AbstractThe study of a time-periodic solution of the multidimensional wave equation {\frac{\partial^{2}}{\partial t^{2}}\widetilde{u}-\Delta_{x}\widetilde{u}=%
\widetilde{f}(x,t)}, {\widetilde{u}(x,t)=e^{ikt}u(x)},
over the whole space {\mathbb{R}^{3}} leads to the condition of the Sommerfeld radiation at infinity. This is a problem that describes the motion of scattering stationary waves from a source that is in a bounded area. The inverse problem of finding this source is equivalent to reducing the Sommerfeld problem to a boundary value problem for the Helmholtz equation in a finite domain. Therefore, the Sommerfeld problem is a special inverse problem. It should be noted that in the work of Bezmenov [I. V. Bezmenov,
Transfer of Sommerfeld radiation conditions to an artificial boundary of the region based on the variational principle,
Sb. Math. 185 1995, 3, 3–24] approximate forms of such boundary conditions were found. In [T. S. Kalmenov and D. Suragan,
Transfer of Sommerfeld radiation conditions to the boundary of a limited area,
J. Comput. Math. Math.
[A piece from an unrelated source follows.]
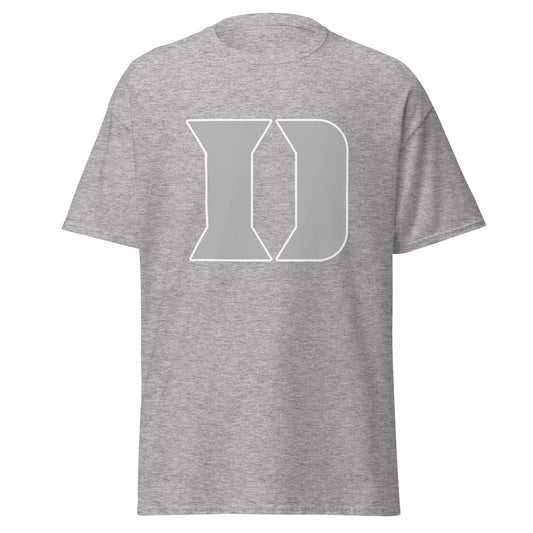 Classic | T-Shirt | Devine Speed | Mark Logo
Phys. 52 2012, 6, 1063–1068], for a complex parameter λ, an explicit form of these boundary conditions was found through the boundary condition of the Helmholtz potential given by the integral in the finite domain Ω:($*$)u(x,\lambda)=\int_{\Omega}\varepsilon(x-\xi,\lambda)\rho(\xi,\lambda)\,d\xi{}where {\varepsilon(x-\xi,\lambda)} are fundamental solutions of the Helmholtz equation,-\Delta_{x}\varepsilon(x)-\lambda\varepsilon=\delta(x),{\rho(\xi,\lambda)} is a density of the potential, λ is a complex number, and δ is the Dirac delta function.
These boundary conditions have the property that stationary waves coming from the region Ω to {\partial\Omega}
pass {\partial\Omega} without reflection, i.e. are transparent boundary conditions.
In the present work, in the general case, in {\mathbb{R}^{n}}, {n\geq 3}, we have proved the problem of reducing the Sommerfeld problem to a boundary value problem in a finite domain. Under the necessary conditions for the Helmholtz potential (*), its density {\rho(\xi,\lambda)} has also been found.